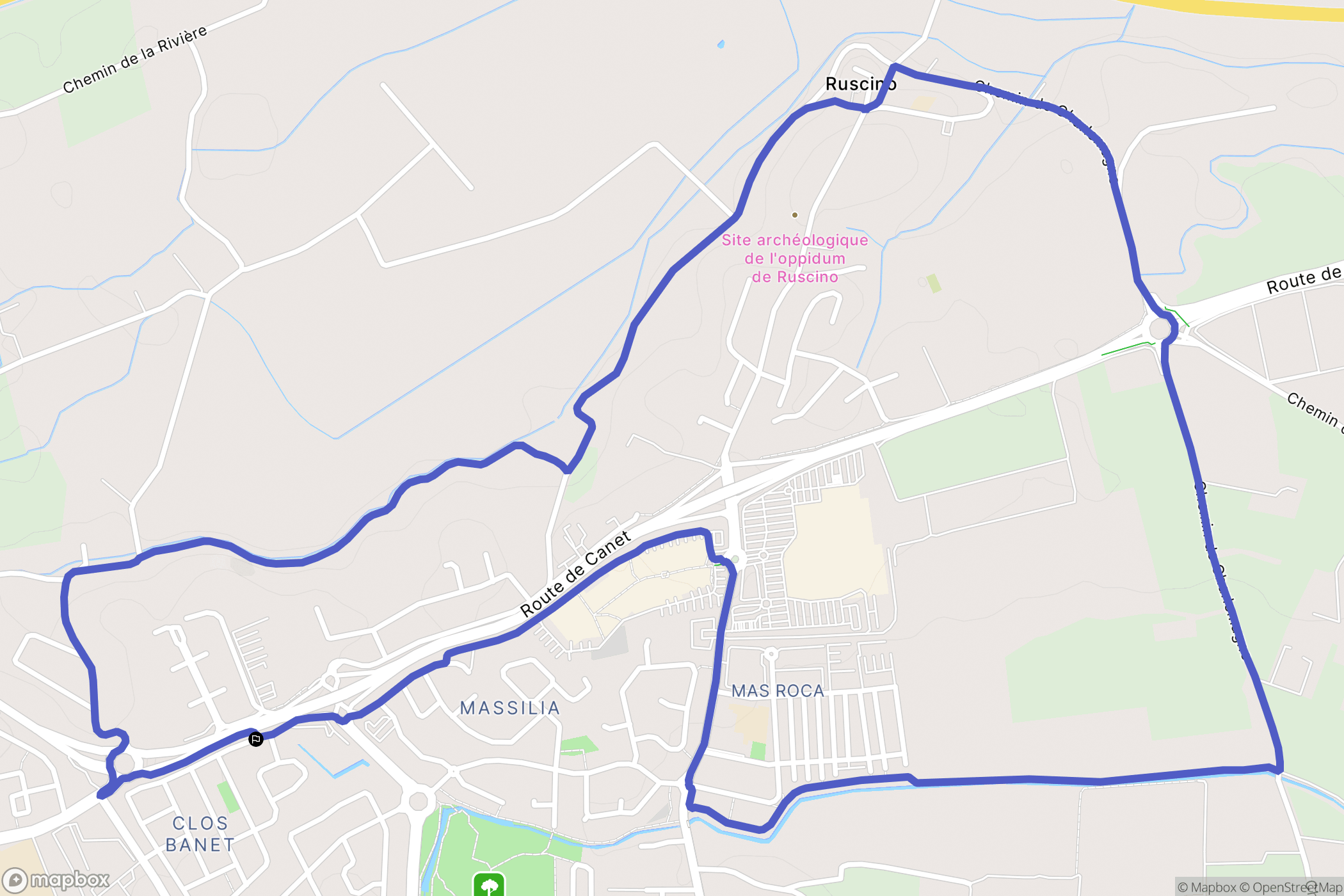 Perpignan : carte du parcours de randonnée - France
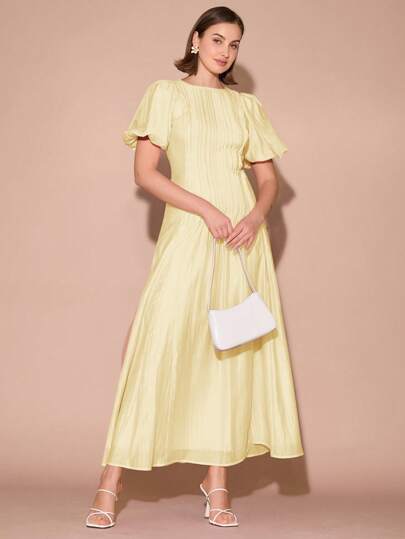 Enchnt 女士优雅纯色泡泡袖连衣裙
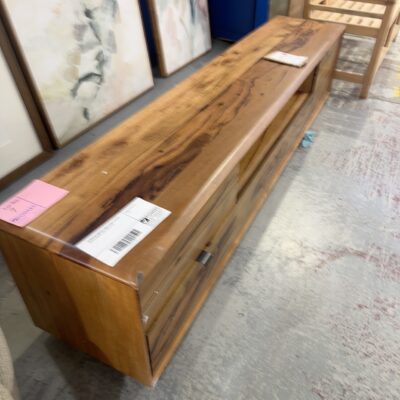 EX DISPLAY JINDALEE MARRI TIMBER 2200MM ENTERTAINMENT UNIT, SOLD AS IS **PORTION TAKEN OUT OF CORNER - CAN BE REPAIRED, SOLD AS IS**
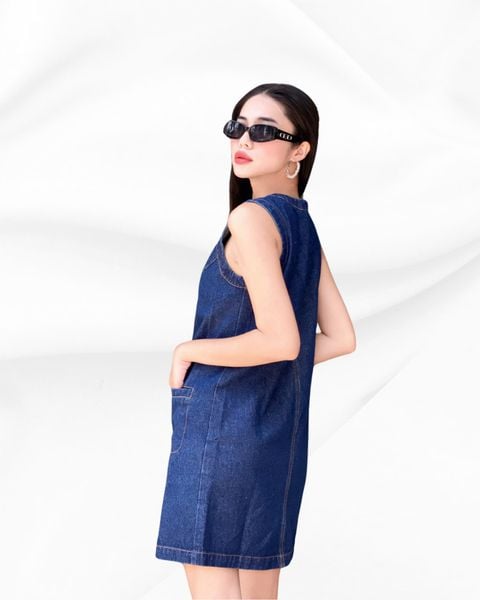 đầm jean kiểu nữ màu xanh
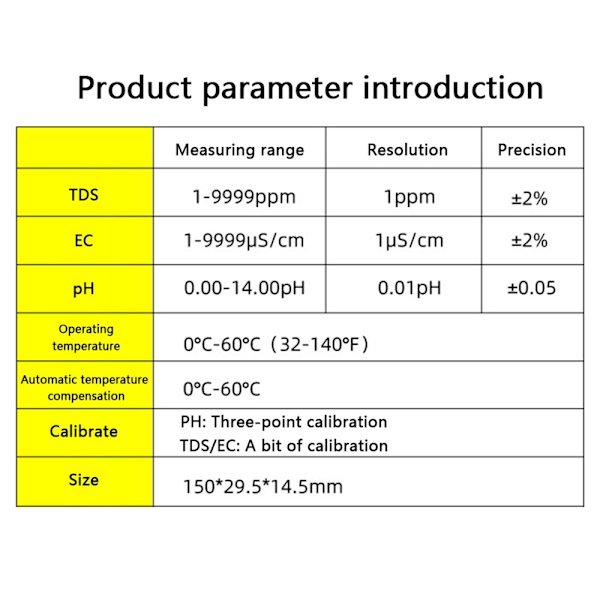 4-i-1 test for vandkvalitet PH TDS EC TEMP testpen White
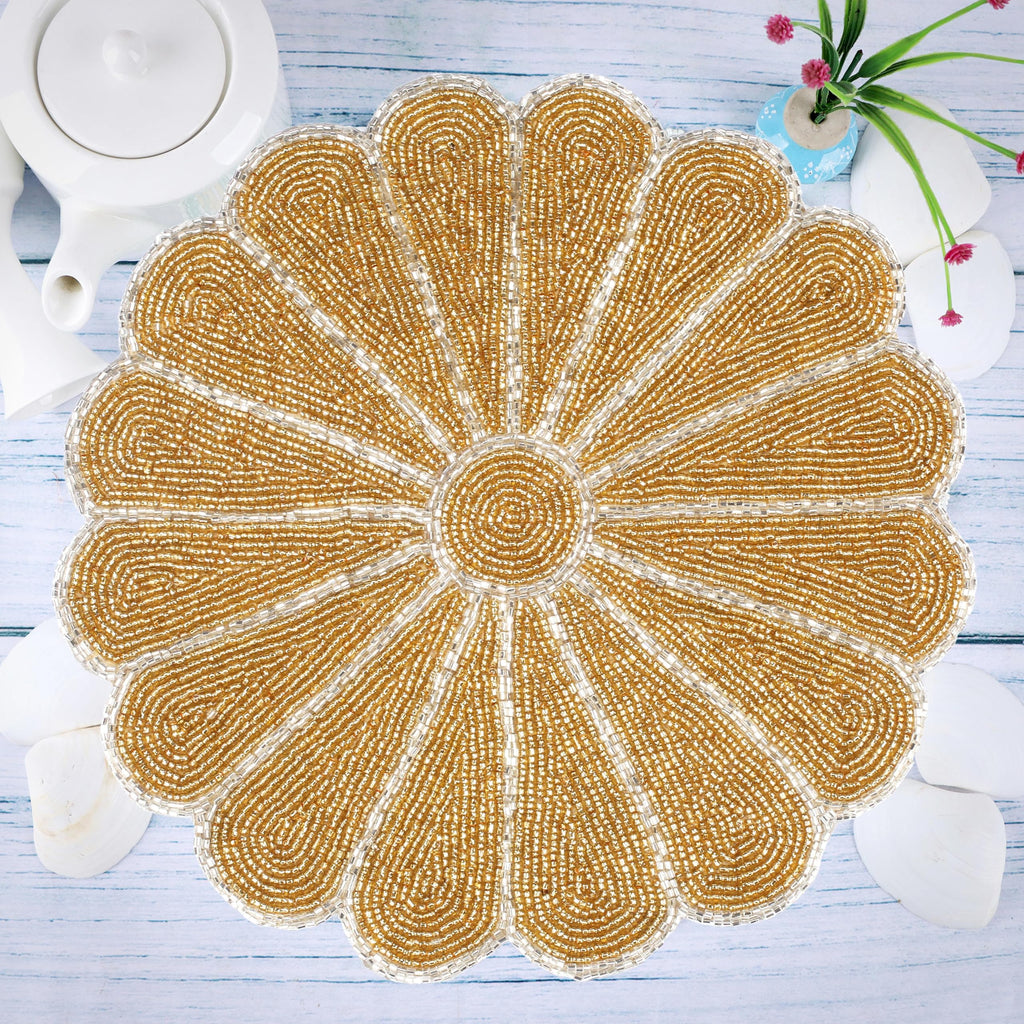 2-Pack Round Placemats, Glass Beads, Gold Silver, 13 Inch
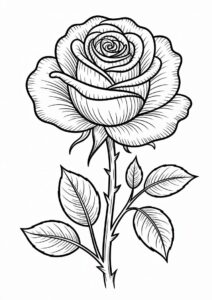 Rose With Thorns To Color 3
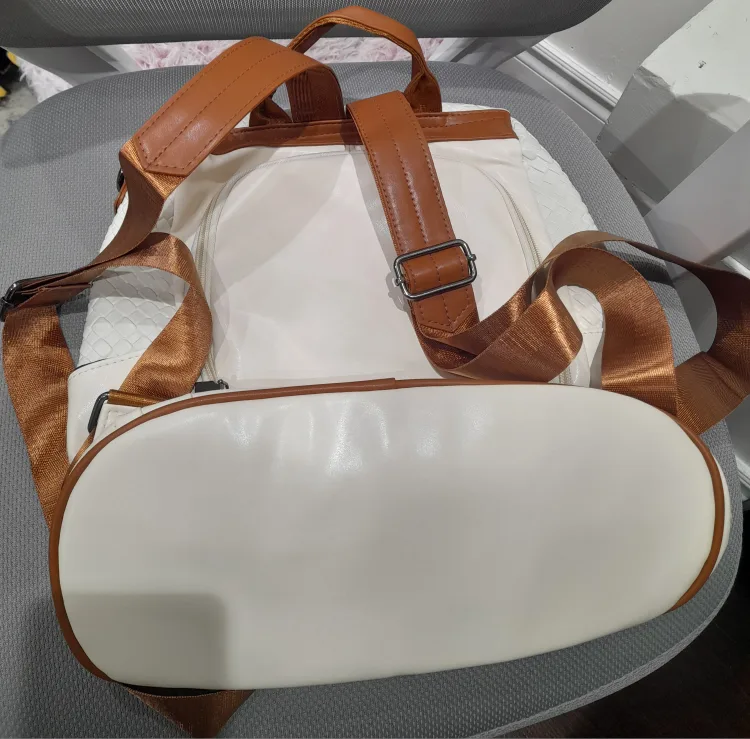 NEW White & Brown Backpack Purse image indicator(4)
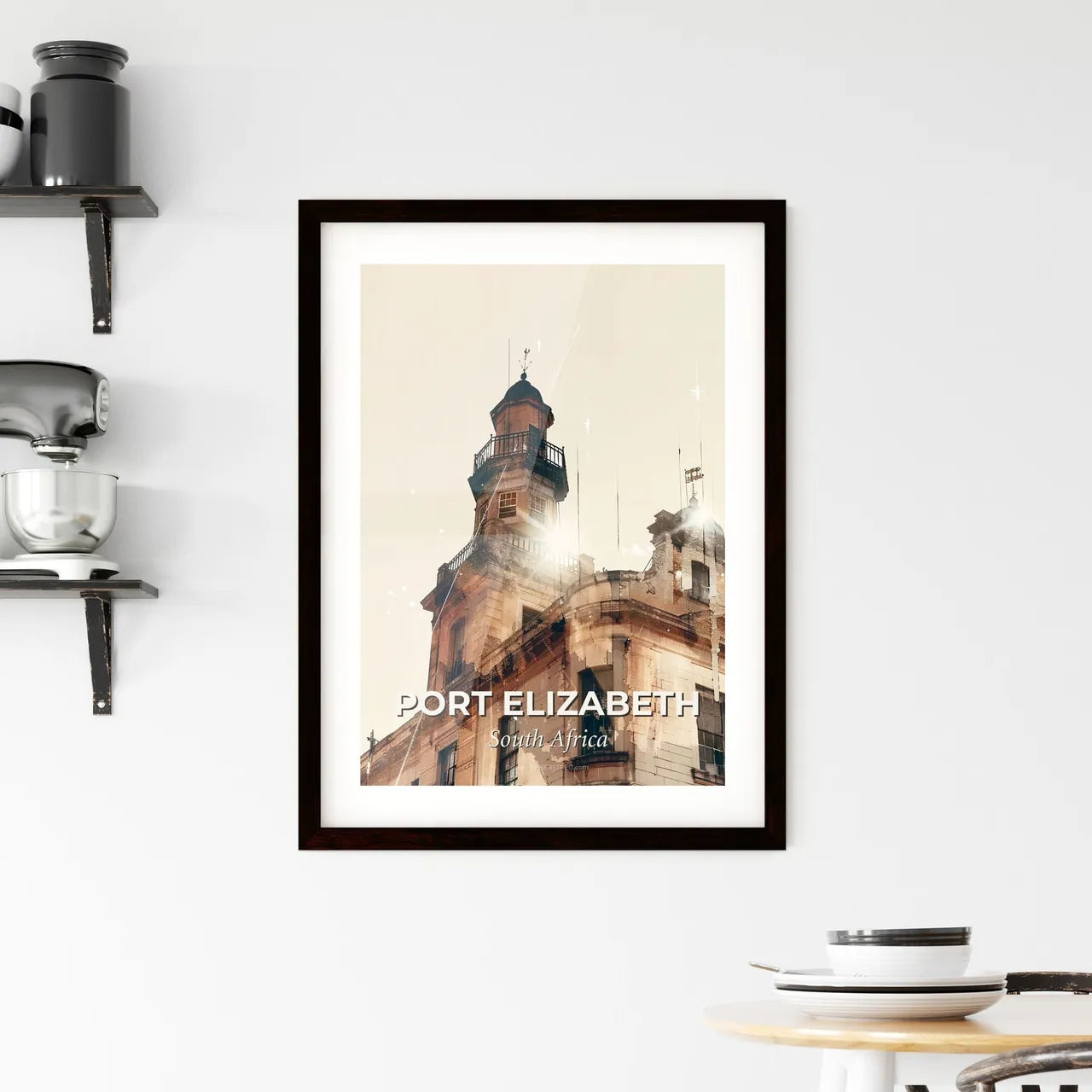 Port Elizabeth Skyline Memories Poster Framed Print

### WHAT YOU WILL DO
Would you mind transcribing the material exactly, without the pictures?

### SOLUTION
 Perpignan : carte du parcours de randonnée - France
 Enchnt 女士优雅纯色泡泡袖连衣裙
 EX DISPLAY JINDALEE MARRI TIMBER 2200MM ENTERTAINMENT UNIT, SOLD AS IS **PORTION TAKEN OUT OF CORNER - CAN BE REPAIRED, SOLD AS IS**
 đầm jean kiểu nữ màu xanh
 4-i-1 test for vandkvalitet PH TDS EC TEMP testpen White
 2-Pack Round Placemats, Glass Beads, Gold Silver, 13 Inch
 Rose With Thorns To Color 3
 NEW White & Brown Backpack Purse image indicator(4)
 Port Elizabeth Skyline Memories Poster Framed Print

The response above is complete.